Solo che la spinta alla banalizzazione sta alle fondamenta di ogni populismo e di ogni nazionalismo e/o deriva autoritaria. Quando l’impianto delle democrazie liberali va in fibrillazione perché sotto pressione a causa della complessità sia essa economica, sociale o politica, guadagnano spazio i demagoghi di varia estrazione che, sul pretesto di voler aiutare il presunto popolo (ovvero i loro elettori reali e potenziali), costruiscono le proprie fortune. Siamo al tempo del vince chi – banalizzando – la spara più grossa, così le opinioni si estremizzano e le posizioni si polarizzano, mentre gli alfieri dell’equilibrio, della razionalità, della riflessione, rimangono con il cerino in mano, con un pugno di mosche.
Si diceva un tempo che i reality show funzionassero perché facevano sentire rincuorata la platea tv. Pare che sbirciare le umane miserie dei concorrenti nel quotidiano dava agli spettatori l’impressione di essere migliori dei morti di fame e di fama che vi partecipavano. E come non premiare chi ci fa sentire migliori, foss’anche in una rincorsa verso il basso?
Accade un po’ lo stesso con la politica: davanti allo spettacolo mediocre della politica la gente o non va a votare, o vota chi sente uguale a sé o peggiore. Vuole sentirsi rincuorata e rassicurata. Si premia la mediocrità, nei casi migliori la medietà, non il guizzo e l’originalità, che creano distanza in un’epoca in cui i ragionamenti politici sono così basic da poter essere riassunti nello spazio di un tweet.
Tutto questo per dire che, in assenza di cultura politica, chi può assumersi un ruolo più a ragion veduta dell’economia? Ovviamente di una cultura economica “illuminata”, non votata al profitto fine a sé stesso.
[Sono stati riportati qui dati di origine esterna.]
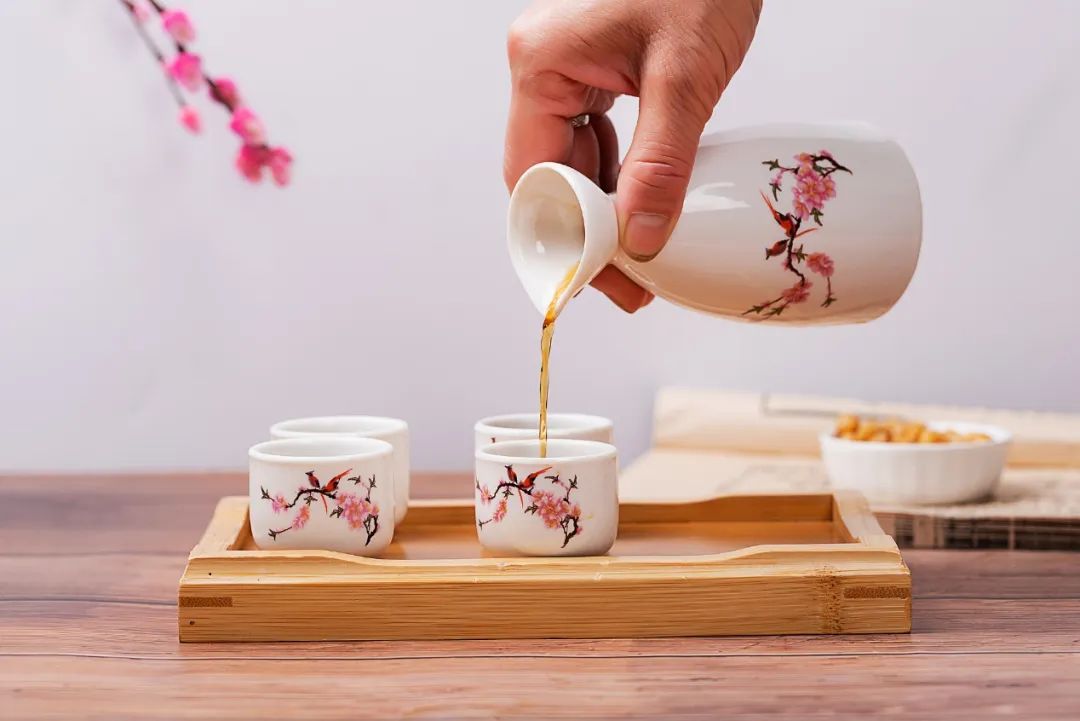 桌子上的碗AI 生成的内容可能不正确。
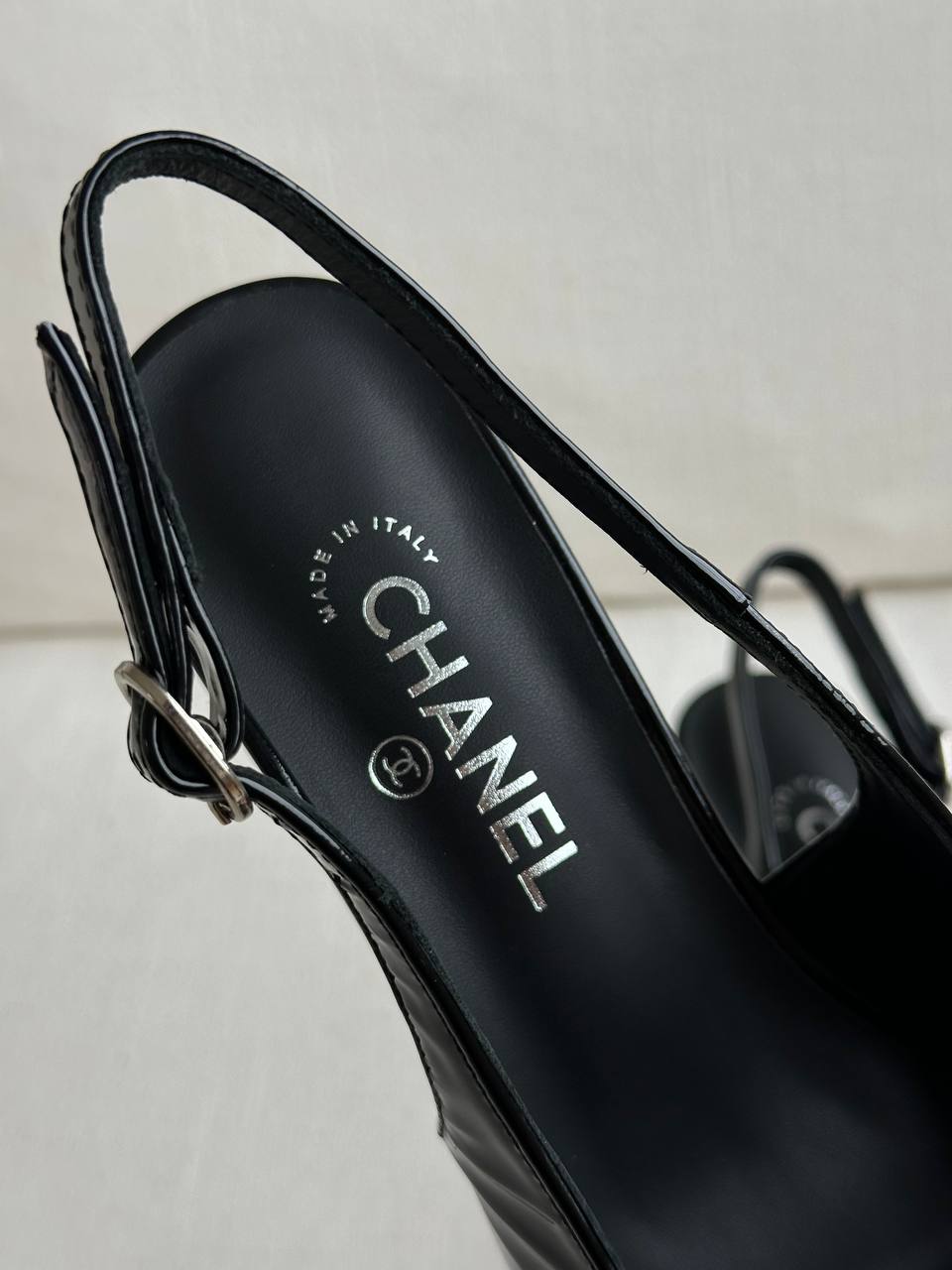 Chanel Black Patent Leather Pointed Toe Slingback Block Heel Sandals
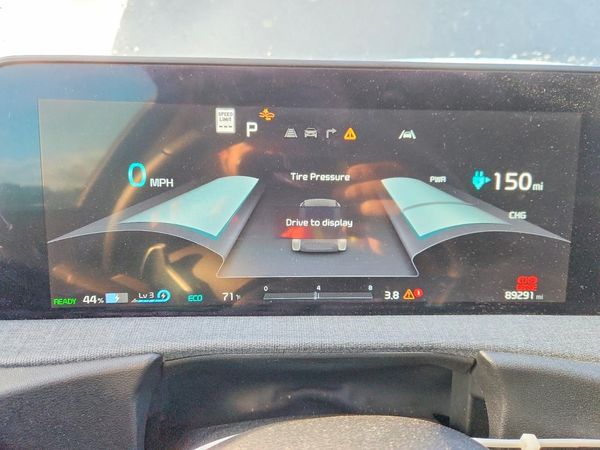 2024 KIA EV6 Light, Wind — ODOM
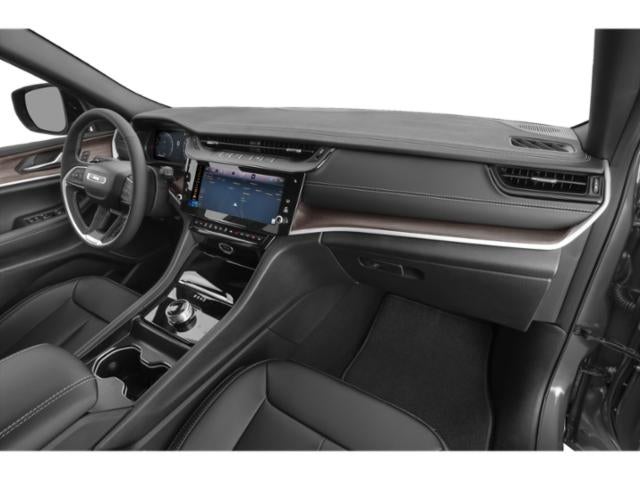2027 Jeep Grand Cherokee GRAND CHEROKEE LAREDO 4X2
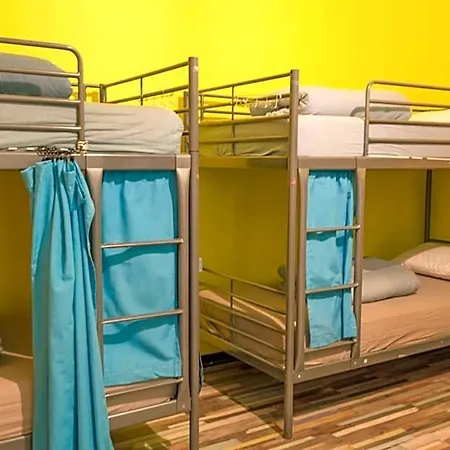 Home Genoa Hostel * Генуя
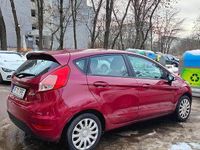 Second-hand Ford Fiesta 82 CP (60 kW) 2014 Culoarerosu Hatchback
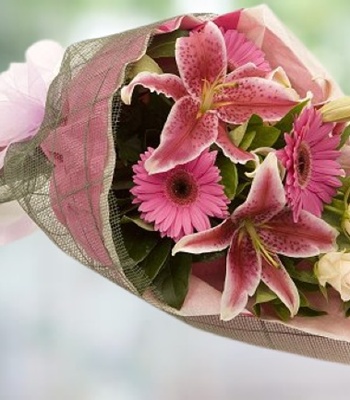 Mix Flower Bouquet - Lily, Rose and Gerbera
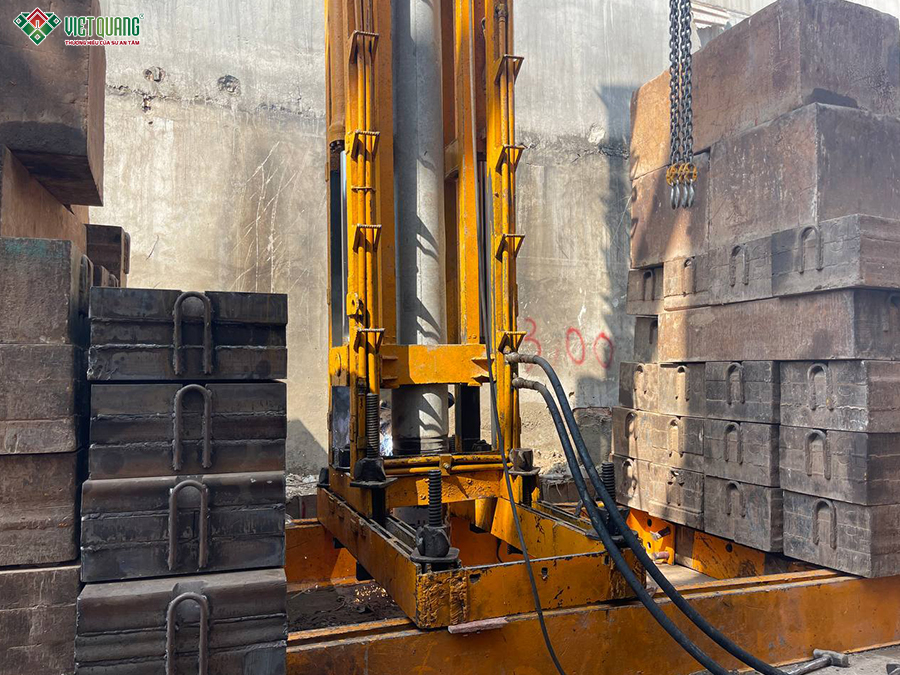 Xây dựng căn hộ dịch vụ 7 tầng 5x22m có hầm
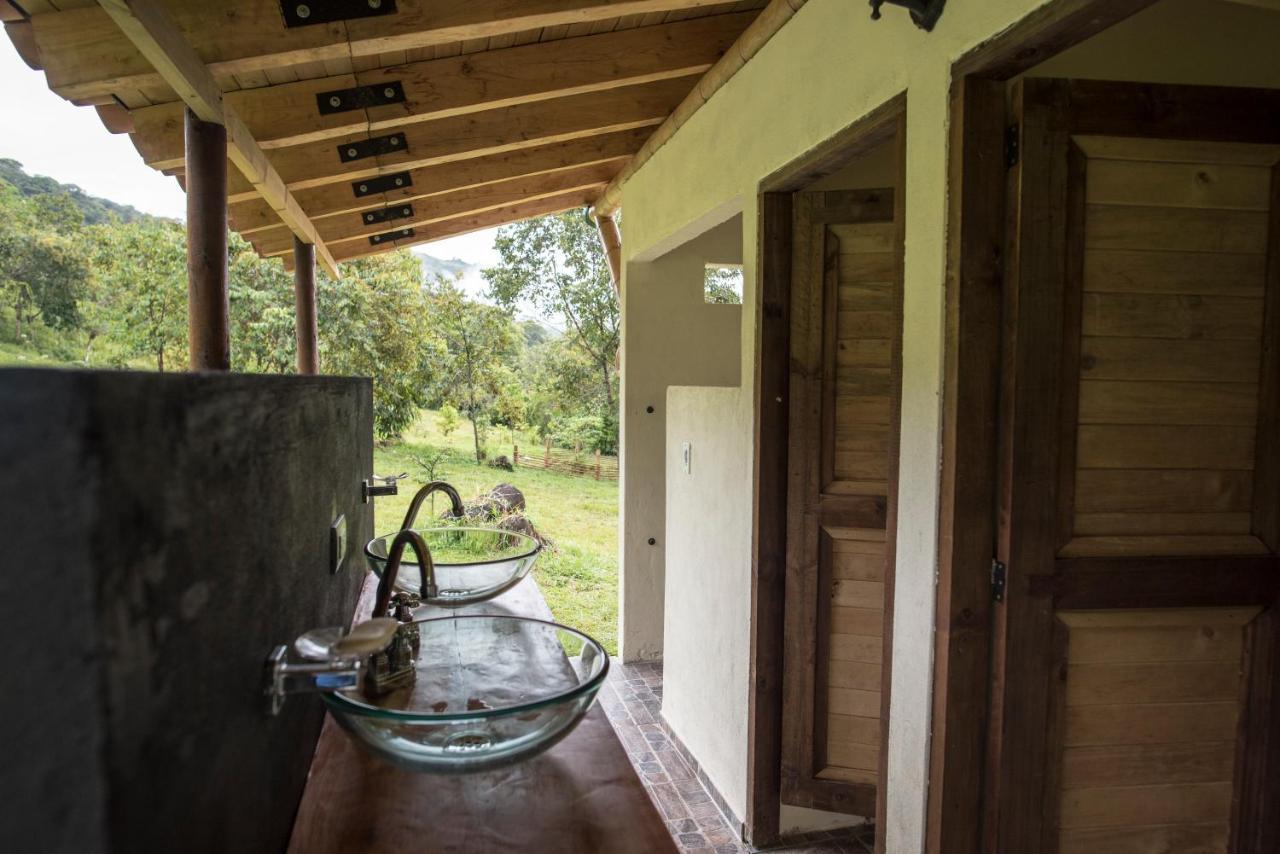 La Perla Negra - Black Pearl Eco Hostel San Rafael  Exteriör bild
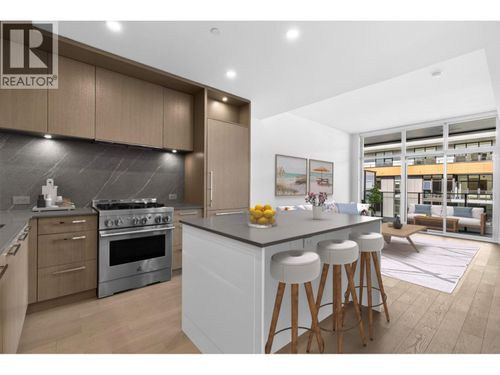 501s-3409 Lakeshore Rd, Kelowna, BC, V1W0G6 | Card Image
L’Italia oggi è piena di imprenditori e manager alle prese con articolati processi di digitalizzazione, di integrazione sociale e di azioni per rendere sostenibili le loro attività. Sono manager e imprenditori sottoposti a una perenne selezione naturale, che per sopravvivere devono tendere costantemente al meglio, pena la scomparsa dai radar. Si tratta di manager e imprenditori che devono guardarsi continuamente intorno per approfittare delle opportunità e imparare dagli esempi in giro per il mondo.
Mi chiedo, allora, e chiedo: cosa succederebbe se, nelle città e nelle regioni in cui operano, gli stessi manager e imprenditori si impegnassero a far crescere quella cultura di impresa – di cui in Italia esistono ancora esempi significativi – portatrice sana di un’idea di Paese che metta al primo posto la ragionevolezza, il dialogo, l’ascolto delle diversità, e si facesse portatrice di toni e di stili di vita che in virtù delle competenze guadagnate con lo studio e il lavoro e aborrendo il ricorso alle urla, alle polemiche e alla denigrazione sistematica dell’avversario, dettasse la linea per imboccare finalmente la via di una complessità consapevole?